- **The data**
· · · · · · ·

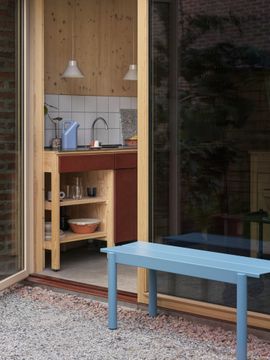 Linear Steel Bench by Muuto - view 3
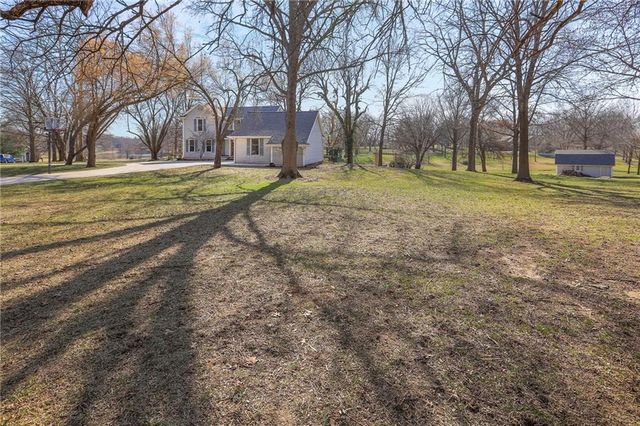 24908 E Timberlake Drive, Greenwood, MO 64086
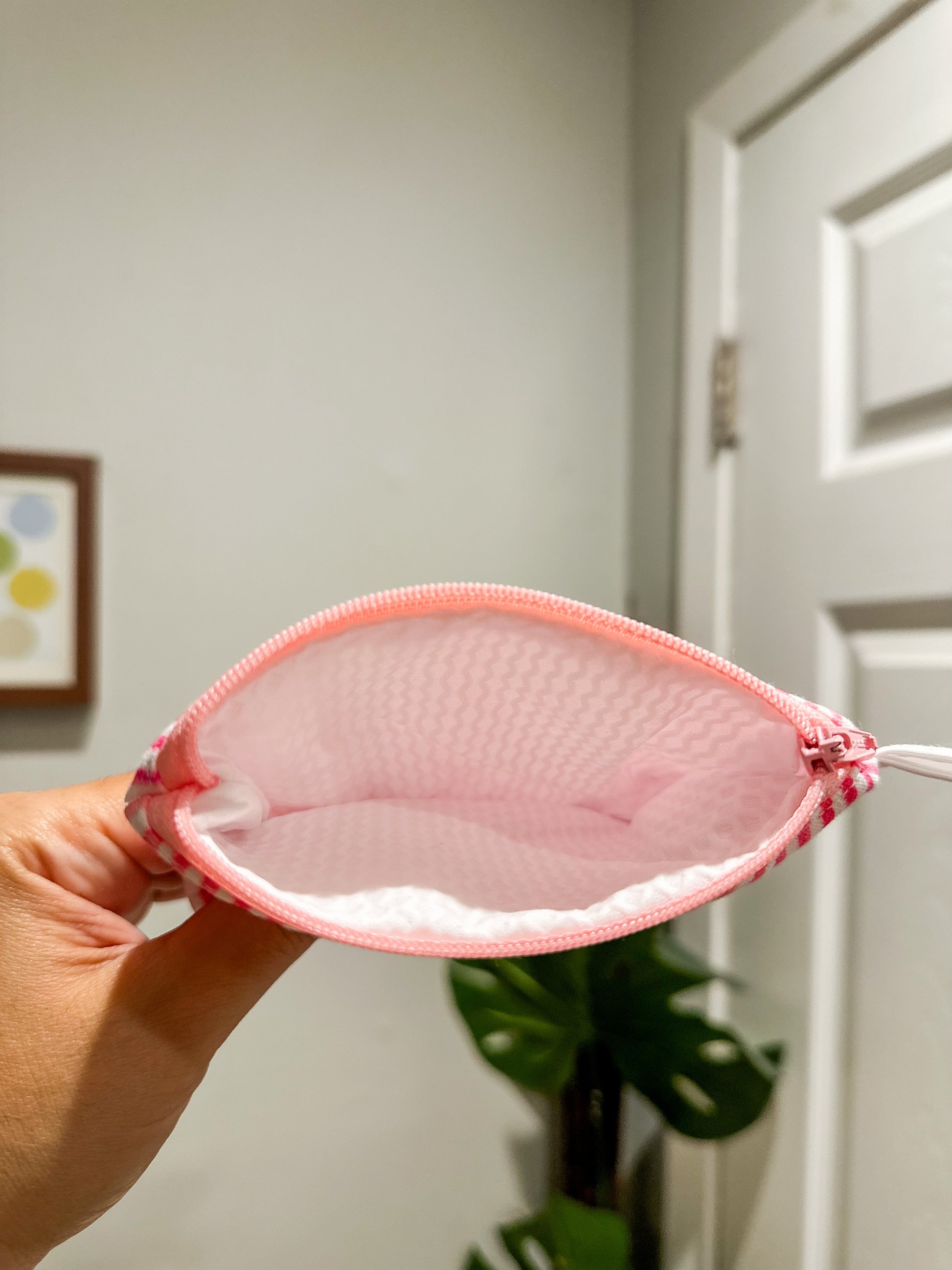 The Lipstick Lines Wallet (Limited-Edition)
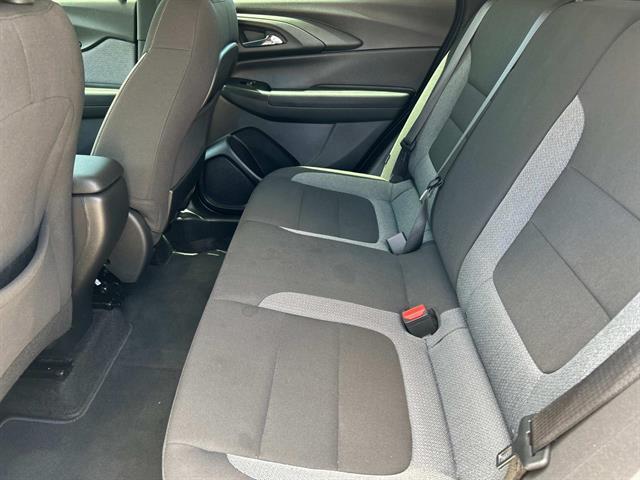 Photo of 2023 WHITE Chevrolet Trailblazer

· · · · · · ·

- **Work order**
Every line between the one containing "The Lipstick Lines Wallet (Limited-Edition)" and the last line of the data above, both included, should be copied exactly, but not the pictures.

- **Expected answer**
 The Lipstick Lines Wallet (Limited-Edition)
 Photo of 2023 WHITE Chevrolet Trailblazer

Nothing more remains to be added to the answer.